The politicians live in their own unreal world, with no idea of what's happening in America. How many times has Air Force One been late taking off? How many security lines have Donald Rumsfeld, Tom Ridge, and Dick Cheney stood in? They care little about the traveling businessman who now must cut his work short at lunchtime in order to catch a 5pm flight. Or the individual who must get up
at 4am to catch a morning flight.

"Has the President noticed the hundreds of billions of dollars being added to federal, state, and local government budgets – spending piled on top of previous budgets, spending that's causing huge deficits and tax increases, spending that's coming out of the hide of American taxpayers?"

When will he say straight out: "America rules the world by force, and the price of that is for you to pay high taxes and live in a nation that looks more and more like a police state."

No Neutrals
President Bush says, "You're either with us or against us." Does that mean he'll bomb neutral Switzerland – the island of freedom, privacy, and security in the midst of socialist Europe – if it doesn't confiscate private bank accounts and otherwise act on every whim of our President?
Why doesn't he simply tell the truth: "America rules the world and I rule America.
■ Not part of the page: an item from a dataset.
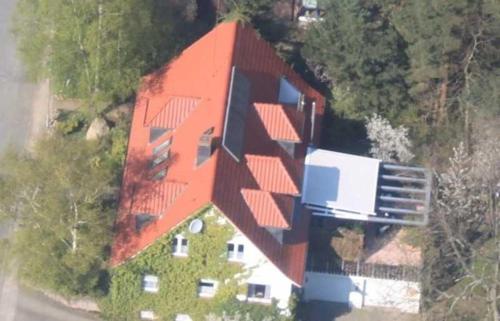 an aerial view of a house with an orange roof at Ferienwohnung Amselstieg Dr Meier in Bad Bevensen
You will do as I say or I'll kill your people."

Opposition
The President keeps telling us that the world
supports the American war against Afghanistan. But the truth is that he has bought the support of foreign leaders with your money – while public opinion polls
show people in foreign countries are overwhelmingly opposed to American military attacks.
Why doesn't he just tell the truth: "We are destroying the last vestiges of love for America around the world – but that's the price we must pay for me to become powerful and popular at home beyond my wildest dreams."

Time for the Truth
When you know some of what politicians tell you are lies, you have to wonder how many of their other statements are lies as well. What I want is the truth. I'd like to think I'm mature enough to handle whatever that may be. And I could prepare for the future much better if someone told me the truth – instead of all this rah-rah stuff.
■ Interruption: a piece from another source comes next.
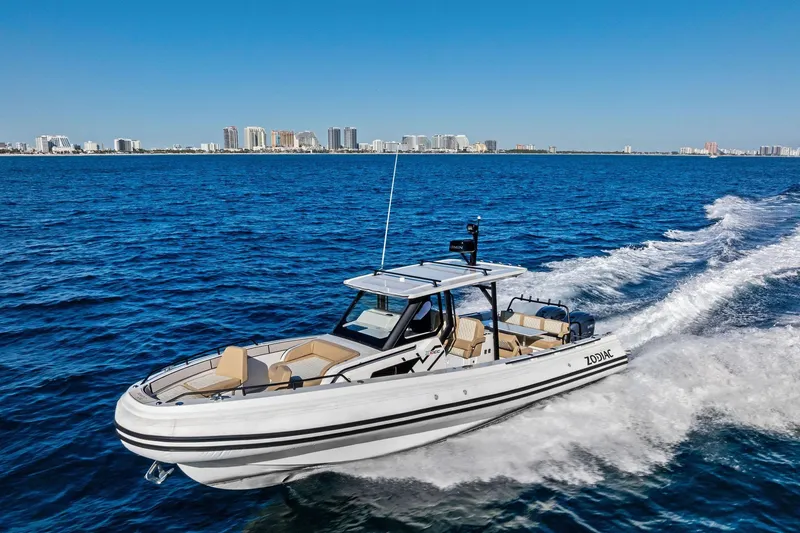 Slide: The Image of 2025 Zodiac X10CC boat cruising on blue ocean near city skyline. - 5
America isn't leading the world. Leaders lead by example. And America is providing no example of individual liberty, personal responsibility, small government, or peace.
America rules the world. Rulers rule by force. They may succeed temporarily, but at an awful cost.

It is long past time for the truth – the truth that many more Americans will have to die to satisfy the politicians' lust for power."

--Harry Browne
 
 uaru
 
posted on November 14, 2001 06:44:04 AM
Yupper, I'd say Harry Browne has the answers.
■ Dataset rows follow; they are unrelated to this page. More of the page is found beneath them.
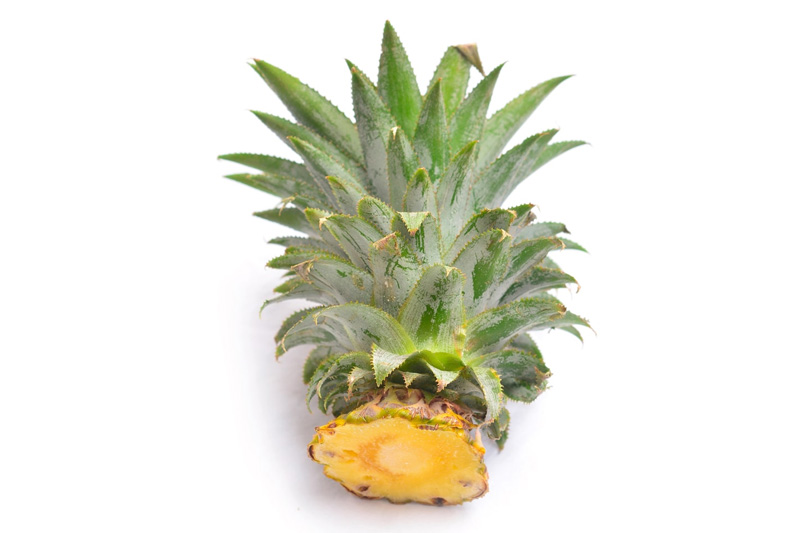 Remove the crown of your pineapple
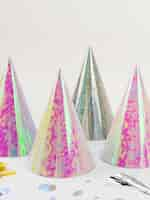 Free photo aluminium birthday hats and confetti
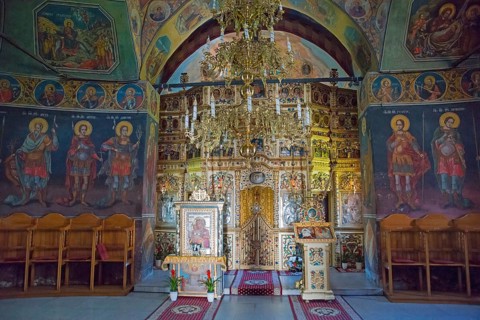 Interior view of an Orthodox church with richly decorated iconostasis and murals, Cheia Romanian
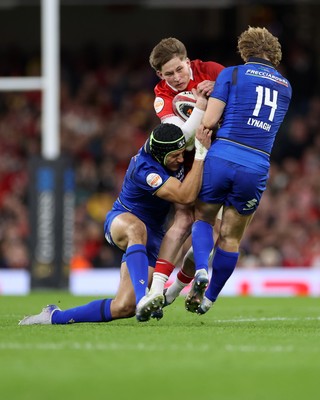 140326 - Wales v Italy - Guinness Six Nations Championship - Ellis Mee of Wales is tackled by Juan Ignacio Brex and Louis Lynagh of Italy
Wars have historically established nothing. The pattern of wars establishing nothing has continued throughout American history:

The Civil War (498,332 lives) didn’t bring reconciliation as promised. Instead, it produced nearly a century of regional animosity.

World War I (116,708 US lives) wasn’t “the war to end all wars” as promised.

WWII (407,316 US lives) didn’t make the world safe for democracy; it made the world safe for the USSR to launch the Cold War.

Why Government Doesn’t Work, by Harry Browne, p.140 Jul 2, 1995

Kumbaya My Lord, Kumbaya...

 
 krs
 
posted on November 14, 2001 06:52:17 AM
Gee, isn't Harry asking questions? Not offering answers? Duh, how'd you get so bright?

 
 uaru
 
posted on November 14, 2001 07:00:21 AM
Harry Browne has always been the man with the answers.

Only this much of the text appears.